December 12 2021: reworded all uses of “generalized” momentum (a term of my own bad invention) with “unified momentum” as used by Zou and co-workers. Also, pointed to the expression for Nesterov momentum in the Nadam paper.
When writing about Nesterov Accelerated Gradient and Momentum I wrote out a formula that made it easy to interpolate between Nesterov accelerated gradient (NAG) and classical momentum (CM), and then discovered that Quasi-Hyperbolic Momentum seemed to do the same thing. It is not immediately clear from the presentation in the QHM paper if the expressions are exactly the same, so here are some notes on my efforts to rewrite QHM into a form closer to the NAG page.
A brief definition of the symbols I use:
Any of these can vary with iteration which is marked by the subscript \(t\). Most importantly for this discussion, the update vector is always:
\[ v_t \overset{\mathrm{def}}{=} \theta_t - \theta_{t-1} \]
it can be expressed in other ways depending on the type of momentum being used, but that definition always holds.
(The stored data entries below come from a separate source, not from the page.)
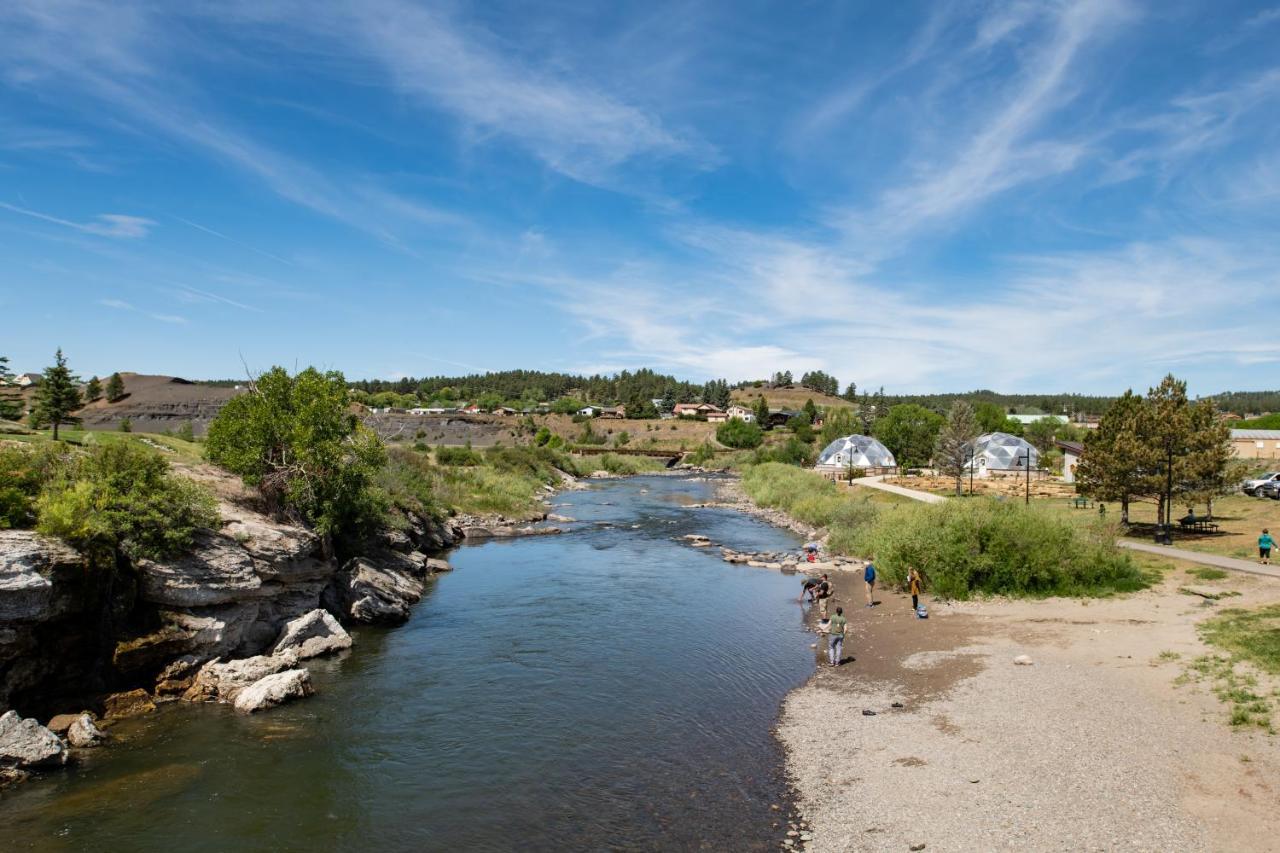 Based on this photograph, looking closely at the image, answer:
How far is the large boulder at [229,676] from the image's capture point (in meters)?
19.9

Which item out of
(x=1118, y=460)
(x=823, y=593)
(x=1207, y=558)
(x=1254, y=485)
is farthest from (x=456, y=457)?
(x=1254, y=485)

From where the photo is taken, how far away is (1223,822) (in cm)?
1181

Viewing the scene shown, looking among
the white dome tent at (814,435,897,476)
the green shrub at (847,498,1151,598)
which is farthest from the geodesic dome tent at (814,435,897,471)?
the green shrub at (847,498,1151,598)

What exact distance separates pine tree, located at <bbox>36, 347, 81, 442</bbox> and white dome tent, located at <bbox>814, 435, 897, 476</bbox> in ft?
255

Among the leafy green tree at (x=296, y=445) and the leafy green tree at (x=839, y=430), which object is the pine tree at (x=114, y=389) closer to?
the leafy green tree at (x=296, y=445)

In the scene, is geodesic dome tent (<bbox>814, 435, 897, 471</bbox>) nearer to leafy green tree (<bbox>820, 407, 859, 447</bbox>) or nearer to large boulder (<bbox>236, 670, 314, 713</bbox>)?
leafy green tree (<bbox>820, 407, 859, 447</bbox>)

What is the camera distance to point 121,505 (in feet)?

Also, the steepest descent step is:
\[ s_t \overset{\mathrm{def}}{=} -\varepsilon_t \nabla f\left(\theta_t \right) \]
Some others will be introduced as I need them. I used equivalence symbol (\(\equiv\)) for definitions on the NAG page, but I thought I would change it up and use \(\overset{\mathrm{def}}{=}\) for this page, just to see which one looks nicer on the screen. I’m sure I am using them both incorrectly, but hopefully the intention comes across.
\[ \theta_{t+1} = \theta_t + s_t + \mu v_t \]
\[ \theta_{t+1} = \theta_t + \left(1 + \mu \right) s_t + \mu v_t - \mu s_{t-1} \]
From the above, it’s pretty easy to come up with a scheme to interpolate between CM and NAG:
\[ \theta_{t+1} = \theta_t + \left(1 + \beta \mu \right) s_t + \mu v_t - \beta \mu s_{t-1} \]
where \(\beta = 0\) gives CM and \(\beta = 1\) gives NAG. The earliest publication I am aware of that gives this expression is Zou and co-workers from 2018. I’d love to know of any earlier uses.
In the QHM paper, a “damped” or “normalized” expression for momentum is given. This reweights the expression so that the weighting coefficients of the gradient descent and the momentum term sums to one. The idea here is to stop the length of the update, \(v_t\) from being dependent on the momentum, i.e. in the above expressions, the more momentum you have, the longer the step sizes will be. This confounds any analysis of how momentum helps: better direction or just a longer step size?
Damping CM just means weighting the gradient descent by \((1 - \mu)\). For NAG, this requires weighing \(s_t\) (and \(s_{t-1}\)) by \((1 - \mu)\) in all parts of the expression to take into account that it is making a smaller contribution everywhere.
\[ \theta_{t+1} = \theta_t + \left(1 - \mu \right) s_t + \mu v_t \]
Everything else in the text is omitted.